Gradient Flows in Metric Space

Author

Yusen Xia

Gradient Flows in Euclidean Space

We first briefly reivew gradient flows in \(\mathbb{R}^n\). The motivation comes from the so-called “gradient descent method”: Suppose we would like to find the minimizer of a certain (continuously differentiable) function \(F:\mathbb{R}^n\to \mathbb{R}\). A classical way is to start with any point \(x_0\), and then go along the direction of negative of gradient of \(F\). That is, we are solving

\[\begin{array}{l} x^{\prime}(t)=-\nabla F(x(t)) \quad \text { for } t>0, \\ x(0)=x_0. \end{array}\]

A solution to the above initial value problem (IVP) is called a gradient flow of \(F\). As the gradient always points at the direction where \(F\) increases the most, negative gradient will lead us to a (local) minimizer of \(F\). The existence and uniqueness theory of ODE guarantees a satisfactory solution of this gradient flow.

Energy Dissipation Equality & Evolution Variation Inequality(Santambrogio 2016)

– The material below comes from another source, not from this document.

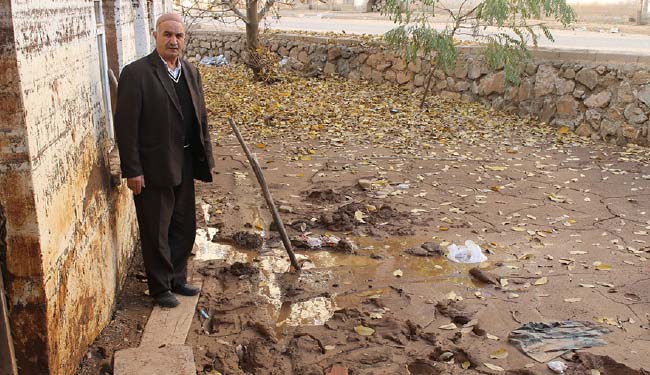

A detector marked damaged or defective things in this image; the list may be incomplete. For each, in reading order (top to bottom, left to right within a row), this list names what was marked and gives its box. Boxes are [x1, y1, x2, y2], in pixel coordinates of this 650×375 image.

cracked wall surface [0, 1, 170, 374]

Note that along any smooth curve \(x_t\) it holds that \(\begin{aligned} F(x(s))-F(x(t))=\int_s^t-\nabla F(x(r)) \cdot x^{\prime}(r) \mathrm{d} r & \leq \int_s^t|\nabla F(x(r))|\left|x^{\prime}(r)\right| \mathrm{d} r \\ & \leq \int_s^t\left(\frac{1}{2}\left|x^{\prime}(r)\right|^2+\frac{1}{2}|\nabla F(x(r))|^2\right) \mathrm{d} r\end{aligned}\)

Note that if \(x(t)\) solves the gradient flow IVP, then

\[ F(x(s))-F(x(t))=\int_s^t\left(\frac{1}{2}\left|x^{\prime}(r)\right|^2+\frac{1}{2}|\nabla F(x(r))|^2\right) \mathrm{d} r, \quad \forall s<t \] which we call Energy Dissipation Enequality (EDE).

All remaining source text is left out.